Field of the Invention
The present invention concerns a superconducting magnet coil arrangement, as well as a method for reducing a quench pressure within a cryogen vessel that contains a superconducting magnet coil arrangement.
Description of the Prior Art
In a superconducting magnet assembly for MRI applications, a liquid cryogen such as helium is often provided within a cryogen vessel which also contains superconducting coils supported on a mechanical retaining structure such as a former. During a quench event, as is well known, energy stored in the superconducting coils is dissipated as heat causing boiling of the cryogen. The boiling of the cryogen increases the pressure within the cryogen vessel, known as quench pressure, until a pressure-limiting device such as a valve or a burst disc opens to provide a gas egress path at a certain quench pressure.
The standard approach for magnet design is to minimize the increase in coil temperature during a quench, and to design a large supporting former which mechanically supports and retains the coils, and also acts as a heat sink for the magnet coils. During a quench event, heat from the coils is conducted to the former, which is typically of aluminum or stainless steel. This limits the rise in the temperature of the surface of the coils and the former in contact with the cryogen.
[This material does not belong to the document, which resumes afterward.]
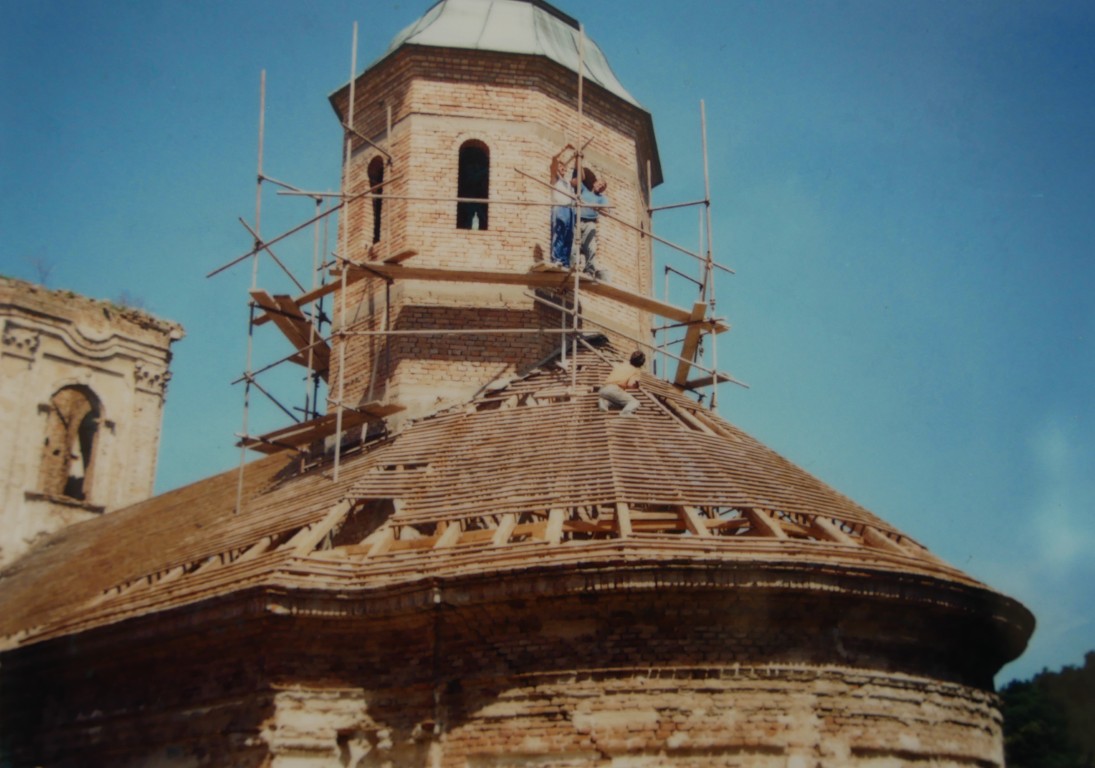 Фотографија из галерије Манастира Кувеждин, 2001 (2)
Conventional superconducting magnets are cooled down to about 4K using liquid helium to induce a superconducting state. The magnet coils are ramped to a specified electric current, which has an associated stored energy. When a superconducting magnet undergoes a transition from the superconducting state to the normal/resistive state, as in a quench, any stored electrical current is transferred from the superconductor filaments into the copper cladding typically provided around superconducting filaments. An amount of heat is generated by Ohmic heating of the magnet coils. The heat from the magnet coils is then transferred via thermal conduction into the former and the liquid helium, both of which are in thermal and mechanical contact with the coils.
The amount of energy dissipated and the rate at which the stored energy is transferred from the magnet coils into the liquid helium, together with the volume of helium and the geometry of the pressure vessel containing the magnet and helium determine the quench pressure within the helium vessel. For example, the design of the helium vessel and the available turret venting path cross-section will influence the fluid impedance experienced by escaping cryogen gas. High quench pressures are undesirable because of the need to increase the pressure vessel wall thickness, and therefore cost and weight, to cope with such pressures and the need to increase the cross-sectional area of the turret to relieve the quench pressure.
Increased turret area will increase its thermal heat load into the helium vessel, which results in the requirement of increasing the cooling power required from an associated cryogenic refrigerator. It is preferred to minimize the required cooling power, for reasons of cost.
Current superconducting magnet designs use the parameters of operating current and number of turns—which determines the energy stored in the magnet coils, quench propagation circuit properties, vent path area, and vessel strength to engineer a solution for managing the quench pressure.
FIG. 2 schematically represents a conventional cylindrical magnet structure with superconducting coils 20 wound onto an aluminum former 22, which acts as a heat sink. A radially outer surface 26 of the superconducting coil 20 directly contacts liquid cryogen, and forms the main interface for heat transfer from the coil to the liquid cryogen to cool the coil.
Conventionally, during a quench, radially outer surface 26 is at a temperature To, typically about 80K, while the radially inner surface 28 of the former 22 is at a temperature Ti, typically about 20K. Heat flows Q1, Q2 are shown, where Q1 represents heat flux from coil 20 to former 22, while Q2 represents heat flux from coil 20 to adjacent cryogen. Some conventional arrangements dispense with the former, thereby providing more effective cooling of the radially inner surface of the coils due to increased contact surface area between coils and cryogen.
The present invention provides a superconducting magnet in which the magnet coil structure comprises a resistive element that will control the surface temperature of the magnet coil structure, so controlling the rate of heat dissipated into the liquid cryogen. In preferred embodiments, the superconducting magnet does not have the conventional former, which acts as a heat sink.
The resistive element is provided as a secondary coil of insulated resistive wire mechanically attached to a surface of the superconducting coil which will control the rate of cryogen boiloff caused by the quench, in turn determining the quench pressure for a given cryogen vessel and quench path exit, which in turn determines the required strength of the cryogen vessel. By reducing the rate of heat transfer to the cryogen, the required volume of cryogen may be reduced, the peak quench pressure may be reduced and so the cryogen vessel may be made of a thinner material, and/or the quench path exit may be reduced in size, in turn reducing a source of heat influx into the cryogen vessel.